Christopher C. Stacy <firstname.lastname@example.org> wrote:
| email@example.com (Rob Warnock) writes:
| > If by "required methods" you mean that a covering set of methods
| > has been defined for which a call of your generic functions will
| > never invoke NO-APPLICABLE-METHOD at run-time, then I suspect you're
| > asking for the impossible... in general, that is.
| I don't see offhand what's so hard about keeping a list of calls
| to MAKE-INSTANCE, keeping track of all constant symbols to see if
| they might ever be used as class names passed into MAKE-INSTANCE,
| similarly maintaining function and method call graphs, and then
| computing the resulting set of CLOS methods that might be called.
| Then you check that against all the method signatures that you compiled.
| This won't match some calls that are specialized on non-CLOS types.
| But otherwise, it's just type inference, and I don't see why it
| should be impossible.
[Last try at expressing my concern...]
I think I was more concerned that simple control-flow analysis
might not be enough to solve your problem, specifically, might
not be enough to prevent false positives -- claims of errors
that aren't. For example, suppose you have a conditional:
(if (some-predicate foo)
where FOO is a passed-in value of some variable class. Now suppose
SOME-PREDICATE was deliberately [or accidentally!] coded as a "guard"
to keep METHOD-A from being called when the value of FOO would cause
NO-APPLICABLE-METHOD, but the tool you're asking for can't tell that --
that is, it isn't a full theorem prover on programs [which is where
the "halting problem" issue came in, a.k.a. "decidability"]. Then you
checking tool would have no choice but to report the (METHOD-A FOO)
call as a violation, because *sometimes* the IF would be executed
when FOO had a value for which there was no applicable METHOD-A
[even though SOME-PREDICATE would never let that happen].
Now you might say, "Oh, I don't care about that; I'll resolve all
the false positives manually myself." You can say that, and it even
might be true for you on the code that you write, with the checking
tool being implemented at some level, but... in *general* I believe
it is not a 100% solvable problem.
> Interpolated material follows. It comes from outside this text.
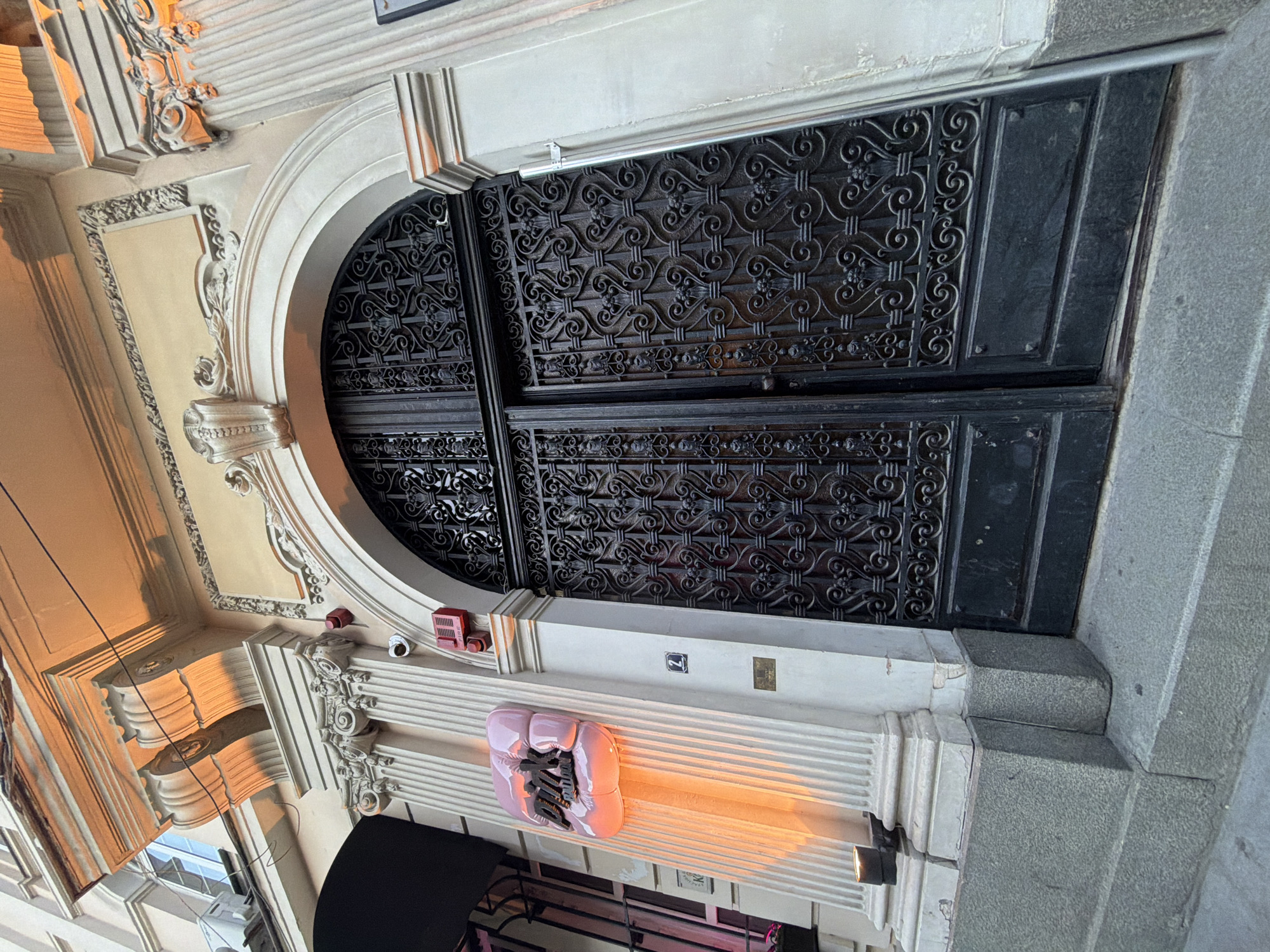 This image captures the ornate facade of a building, focusing on an arched doorway with a decorative black metal gate. The architecture features classical elements like columns and intricate moldings.
The subjects include an abstract pink art piece mounted on the facade, illuminated by warm, orange light that suggests it is either dusk or artificial lighting. There are also some small, red fire alarm devices visible. The scene is an exterior, likely a street or building entrance, with the lighting indicating a time of day when artificial lights are active.
Notable details include the elaborate scrollwork on the metal gate, the layered stonework and plaster details of the building's exterior, and the soft glow emanating from the art piece. The image is taken from a low angle, looking upwards towards the doorway.
Visible text includes the number "2" on a small square plaque on the wall above the art piece.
Specifically, there might be input
programs for which nearly *all* the error messages from the checking
tool are false positives, which would not be good.
All I'm saying is that "it depends": on your coding style, on the
problem domain, on the total complexity of the systems you need to
check, etc. A quick & dirty heuristic algorithm might well get you
95% of what you want... or it might not.